Day 32 - Visualizing Data with Python

Visualizing Data with Pandas and Matplotlib

1. Introduction (10 minutes)

  • Overview:
    • Recap the restaurant orders DataFrame and our computed columns from the previous lecture.
    • Today we will visualize our data to better understand restaurant performance.
  • Learning Goals:
    • Learn to generate plots with Matplotlib.
    • Understand how to work with wide versus tall data.
    • Explore how to reformat data (using melt) for visualization.
  • Do Now:
    • Ask: “Why is visualizing data important in data analysis? How might a chart help you see trends that raw numbers do not?”

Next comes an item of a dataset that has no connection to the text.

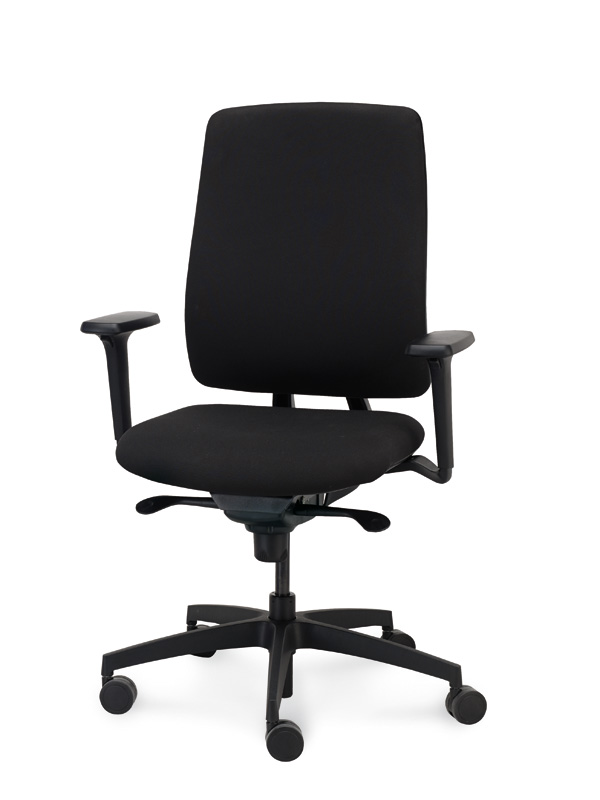 Silla operativa Absolute Tapizada de Luyando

2. Plotting with Matplotlib (20 minutes)

  • Setting Up Matplotlib:
    • Example Code:
      import matplotlib.pyplot as plt
      # Ensure converters are registered for dates if needed
      from pandas.plotting import register_matplotlib_converters
      register_matplotlib_converters()
  • Line Plot of Daily Total Sales:
    • First, compute total sales per day:
      daily_sales = orders.groupby('date')['total_price'].sum().reset_index()
      print(daily_sales)
    • Plotting:
      plt.figure()
      plt.plot(daily_sales['date'], daily_sales['total_price'], marker='o')
      plt.xlabel('Date')
      plt.ylabel('Total Sales ($)')
      plt.title('Daily Total Sales')
      plt.xticks(rotation=45)
      plt.tight_layout()
      plt.show()
  • Bar Chart for Sales by Dish:
    • Example Code:
      dish_sales = orders.groupby('dish')['total_price'].sum().reset_index()
      plt.figure()
      plt.bar(dish_sales['dish'], dish_sales['total_price'], color='skyblue')
      plt.xlabel('Dish')
      plt.ylabel('Total Sales ($)')
      plt.title('Sales by Dish')
      plt.show()
  • Interactive Exercise:
    • Ask: “Try modifying the plots—change markers, colors, or add gridlines. What effect do these changes have?”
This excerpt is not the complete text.